Auf dem Königsplatz begann am Wochenende mit Bands von "Kiss" bis "La Brass Banda" die Open-Air-Saison

Von DIRK WAGNER und Andreas Pernpeintner, München

Weil seine Mutter aus Deutschland stammt, seien die Fans auf dem Königsplatz auch seine Familie, erklärt Kiss-Sänger Paul Stanley beim Münchner Abschiedskonzert der 1973 in New York gegründeten Band. Bedenkt man dabei, dass Stanleys Mutter als Jüdin während der Nazi-Diktatur aus ihrer einstigen Heimat fliehen musste, erscheinen seine Worte auf diesem von den Nazis für Aufmärsche missbrauchten Platz am vergangenen Freitag wie eine Geste der Versöhnung.

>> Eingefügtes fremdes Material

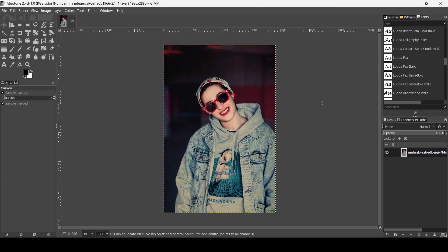Hi, today we're going to see how to create a duotone effect in GIMP. I will put the link of this image in the description box.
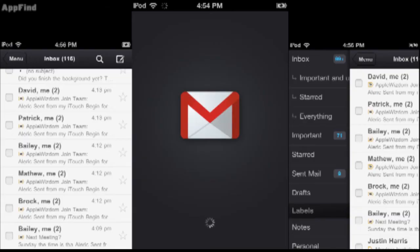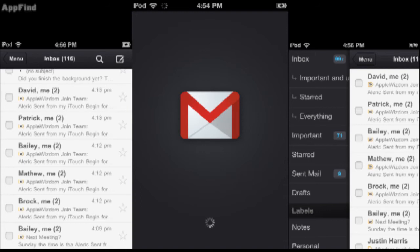Hey guys, what's up? It's Alec from AppFind on AppleWisdom.com and today I'm going to be telling you guys a little bit about the Gmail app.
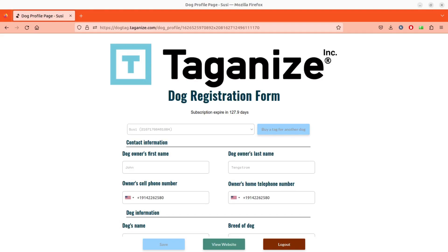Hello everyone, this is John from Tagonize. Today's tutorial will show you how easy it is to activate the community-aided Lost and Found feature built into Tagonize.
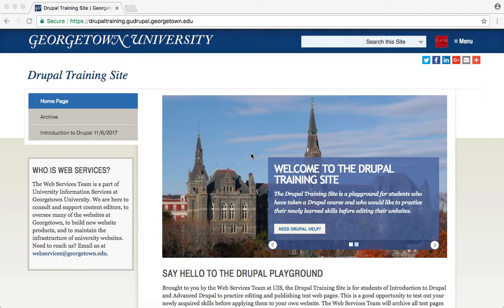During this course, we will be using DrupalTraining.gudrupal.georgetown.edu in order to demonstrate how to edit and manage your websites.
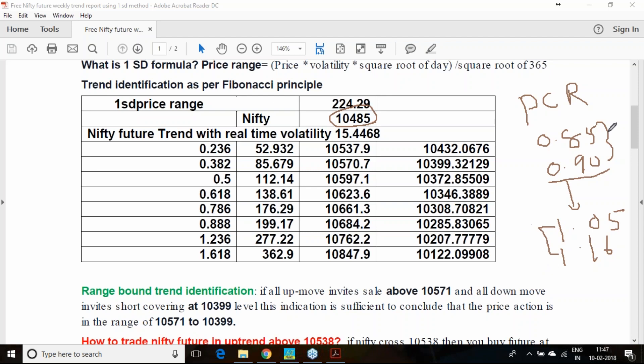Once the put-call ratio improves above 0.9, you can say there will be a trend till 1.05. Post 1.05 to 1.16 put-call ratio in Nifty, you will be in consolidation.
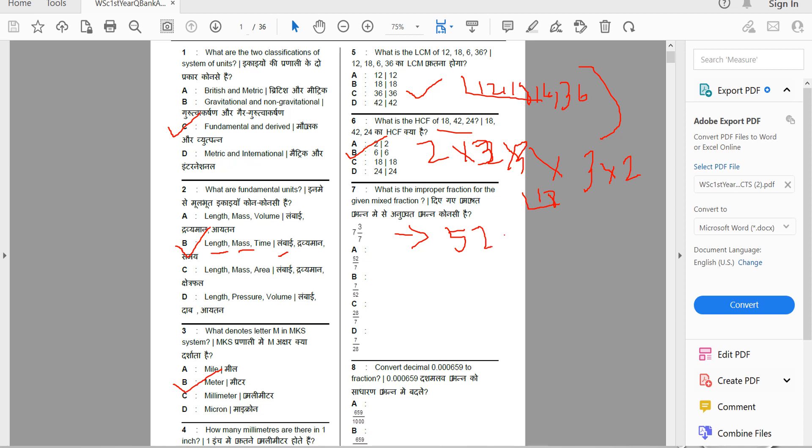This is the improper fraction. The answer is 52.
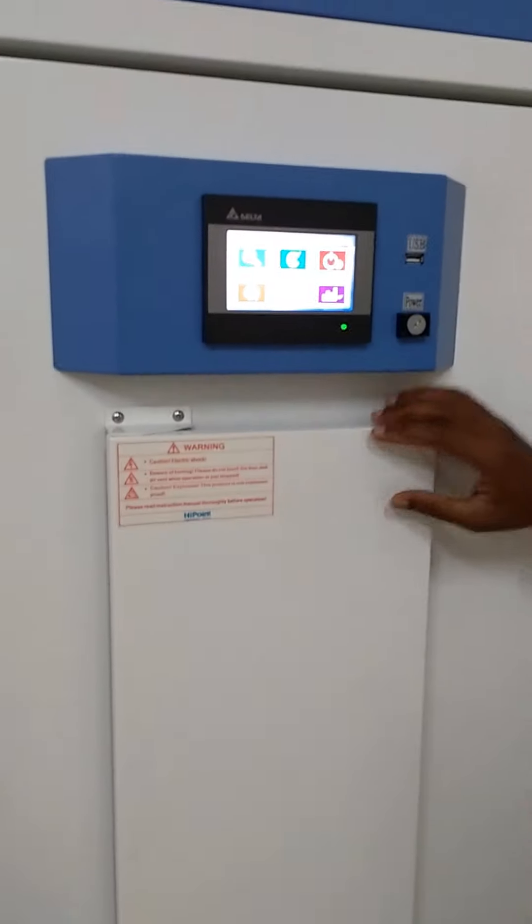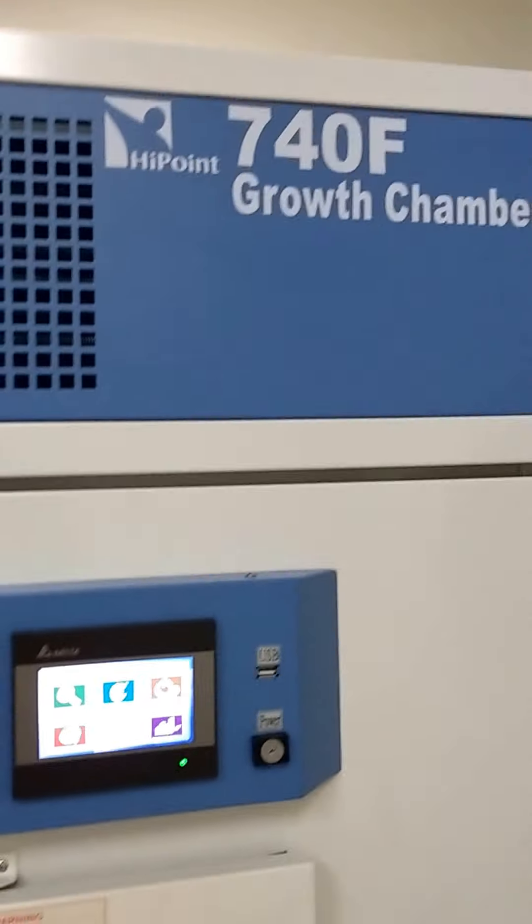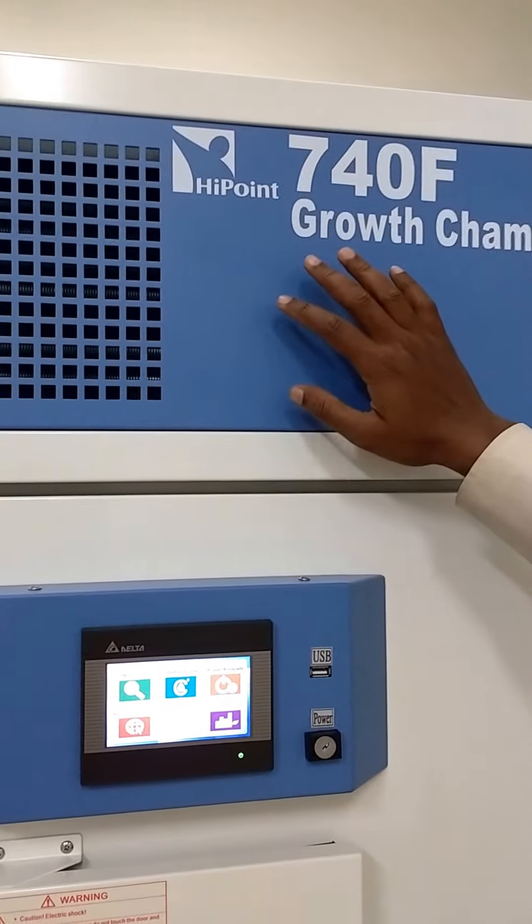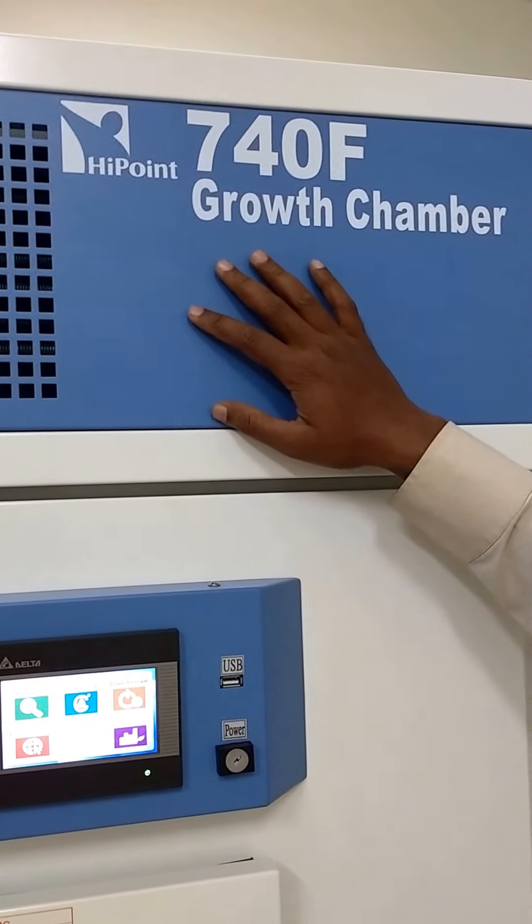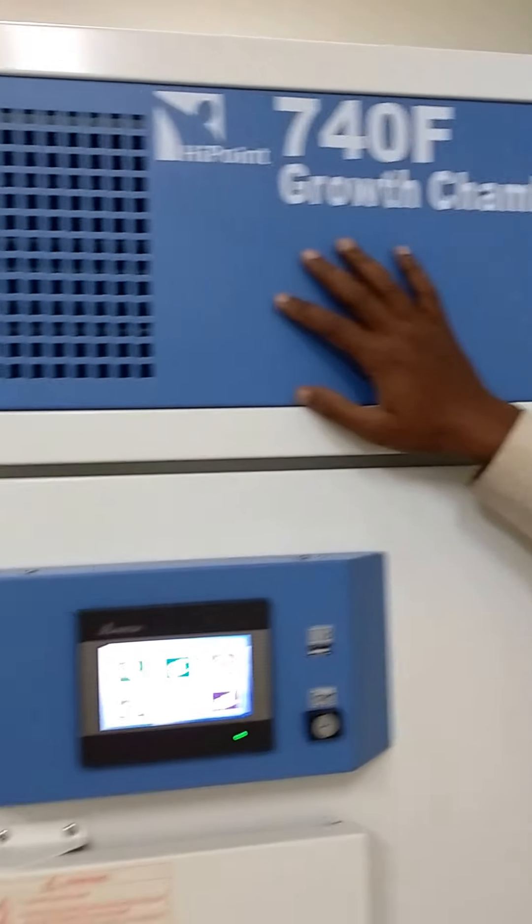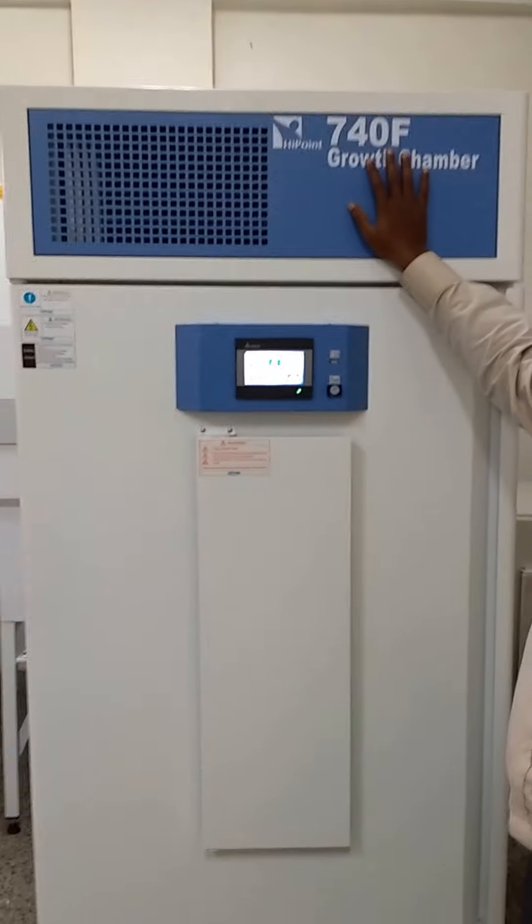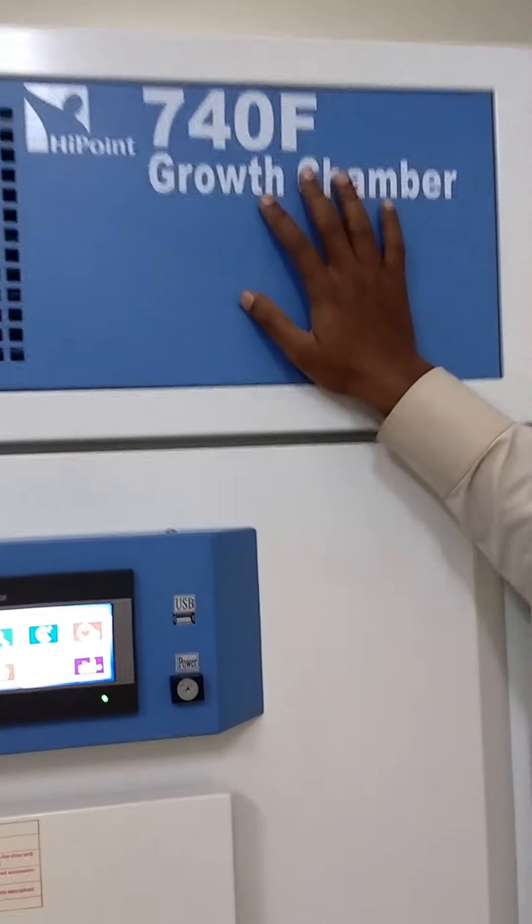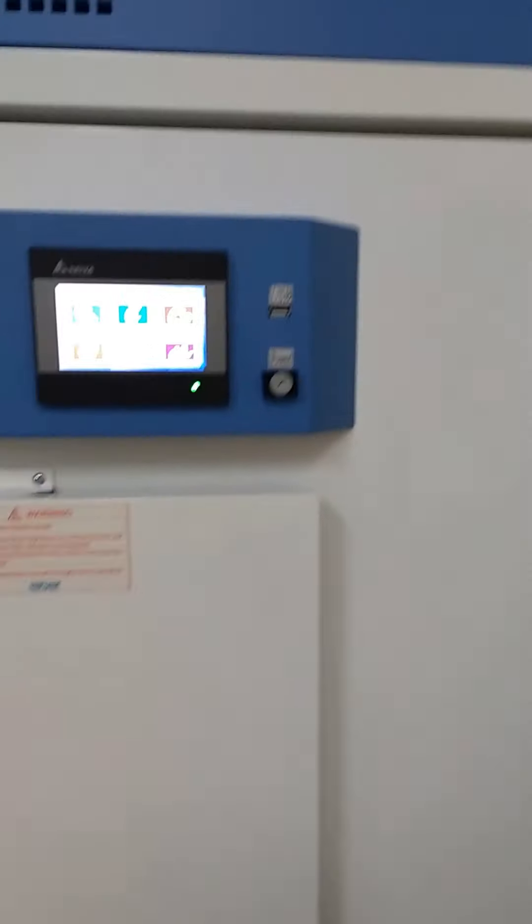Coming to external parts, the compressor is on the upper side of the BOD incubator or growth chamber for easy dissipation of heat, and it has a heater at the downside.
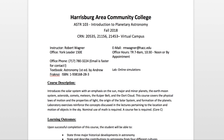Greetings and welcome to astronomy at HACC. In this video I will go through the syllabus, or at least a sample syllabus, explaining some of the things that we will be doing in the class.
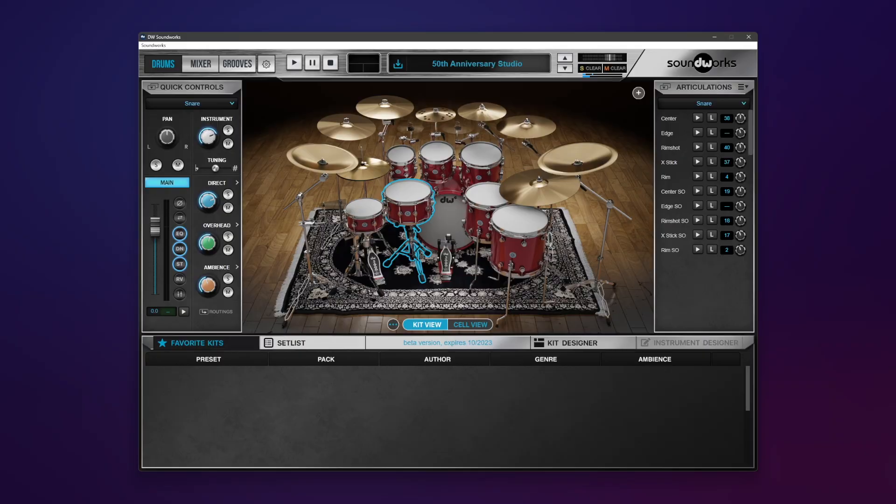Hey guys, it's Alan from DW and welcome back to DW Soundworks. In this video I'm going to go over the advanced settings and how you can audition articulations, edit their volumes and pitch, edit the sample lengths and fades, and maybe a little bit more. Let's jump right in.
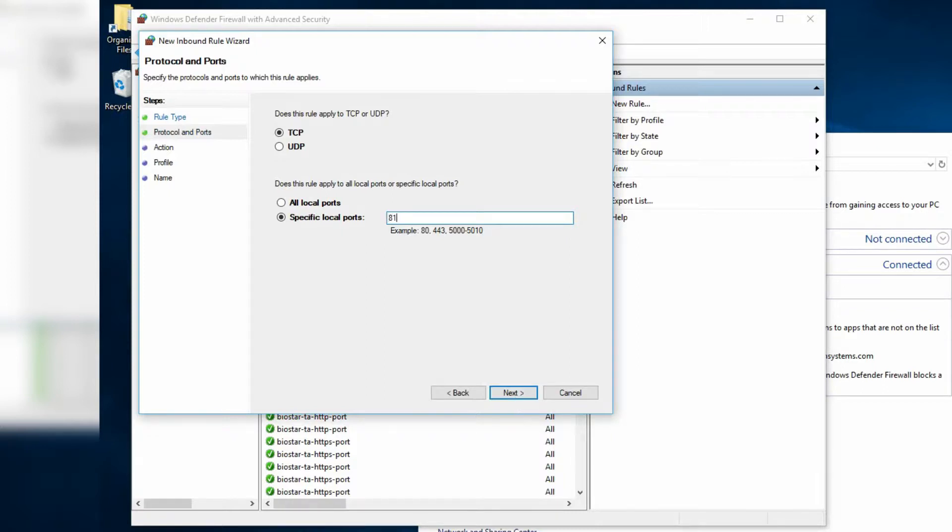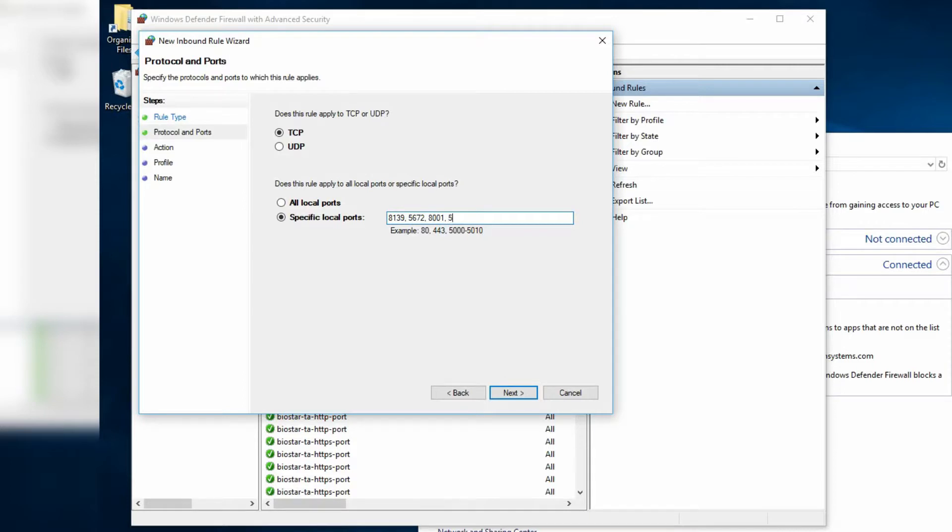enter 8139 for your server, 5672 for RabbitMQ, 8001 for Generation 1 devices, and 51212 for Generation 2 devices.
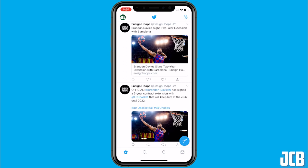In today's tutorial I'm going to show you how to embed a Twitter video into your tweet. This will allow you to share someone's Twitter video without retweeting it. This is especially useful if you run a sports fan page or a fan page of any sort, or really if you just want to share a video.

Eine Geste, die auch der Vorstellung von Rock'n'Roll entspricht, die die markant geschminkten Musiker zelebrieren: Demnach vereint der Rock'n'Roll alle Menschen. Gott habe ihn jedem in die Seele gepflanzt, heißt es entsprechend in "God Gave Rock'n'Roll To You", dem Song, der nach dem bewährten Kiss-Spektakel samt feuerspuckendem Bassisten und Raketen, die aus der Gitarre schießen, zum Ausklang von einem Tonträger zugespielt wird. Gleich einem Choral singen viele Fans den Song mit, der den Rock'n'Roll auch als eine Straße beschreibt. Laut dem Tournee-Namen "The End Of The Road" geht diese aber nun zu Ende.

Wobei die Band sich zum Jahrtausendbeginn schon einmal verabschiedet hatte. Dann machte sie nach gelungener Umbesetzung weiter. Dass fast zwei Jahrzehnte später nahezu dieselben Songs die Karriere der Band Revue passieren lassen wie auf der ersten Abschiedstournee, verdeutlicht allerdings, wie sehr die Band seitdem nur noch als museales Ausstellungsstück fungiert. Eines immerhin, das auch jüngere Zuschauer lockt, die gemeinsam mit den alten Fans auf eine Zeit blicken, in der Kiss die Horrorshow eines Alice Cooper mit den Pop-Harmonien der Beatles zu einem einzigartigen Rock-Zirkus vereinten.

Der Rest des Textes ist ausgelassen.